Thursday, March 19, 2009

World of Functions....Quiz 1

Any questions?


Nadia said...

Sooo... just did the formative quiz that's on the website. I got that the third function is cubic. I know that the general equation for cubic functions is y=ax^3+bx^2+cx+d, but I don't quite know how to find a specific equation. I think I can find d (by plugging in the point 0,0).

Also, for the quadratic equations we used our knowledge that the second difference=2a. How can we find "a" in a cubic function without assuming that the third difference=3a? ...Or can we assume that?

Mr. Marti said...


We haven't officially covered how to get the specific equation for a cubic.

But you mentioned some good ideas.
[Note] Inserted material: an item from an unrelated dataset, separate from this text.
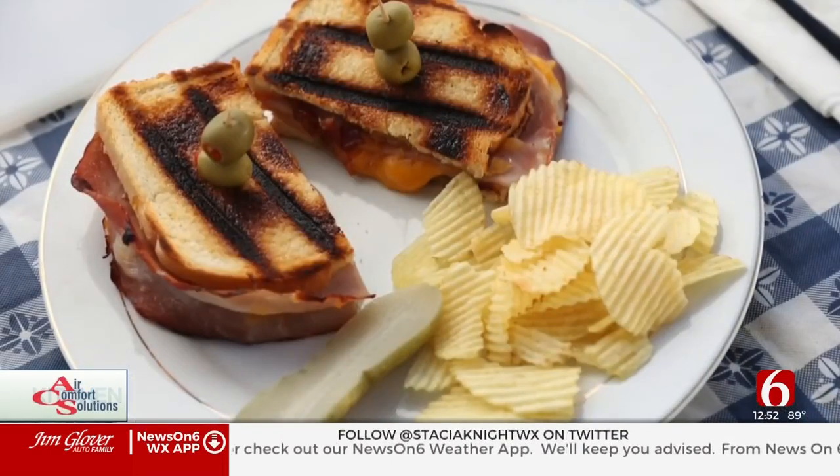That is a next level grilled cheese, Jeff. Thank you very much. You can check out many more recipes just like that one — just go to our website at newson6.com/recipes.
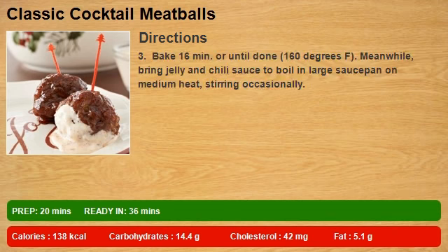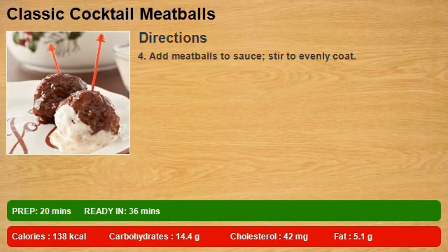3. Bake 16 minutes, or until done, 160 degrees F. Meanwhile, bring jelly and chili sauce to boil in large saucepan on medium heat, stirring occasionally. 4. Add meatballs to sauce, stir to evenly coat.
Using the point (0,0) will help you find d. And I like your prediction about the third difference, but I don't know if it works.

Can you make up a specific cubic function (maybe f(x)=x^3)and find the 3rd difference to see if there is a relationship between that constant number and "a"?

Alejandra said...

g(x) is a quadratic function.

To find the equation I used the general equation ax^2+bx+c and found c by pludding in "0" for x. C came out to be -2. Next, I used two points (-1,-1) and (1,-1) and plugged each set in to the general equation.

I ended up with
1)a-b-2=-1 and 2)a+b-2=-1
Then I isolated the "a" variable for 1 and got a=1+b

After that, I entered 1+b in to the second equation for "a" and ended up with
1+b+b-2=-1 or 1+2b-2=-1
Then I just solved for b and ended up with b=0.
Since b=0, I entered "0" in to the equation a=1+b and got a=1.

The equation = x^2-2

Mr. Marti said...


Were you able to verify your equation, g(x)=x^2-2?

Could you use the same strategy to solve a cubic equation? What would you need to do differently?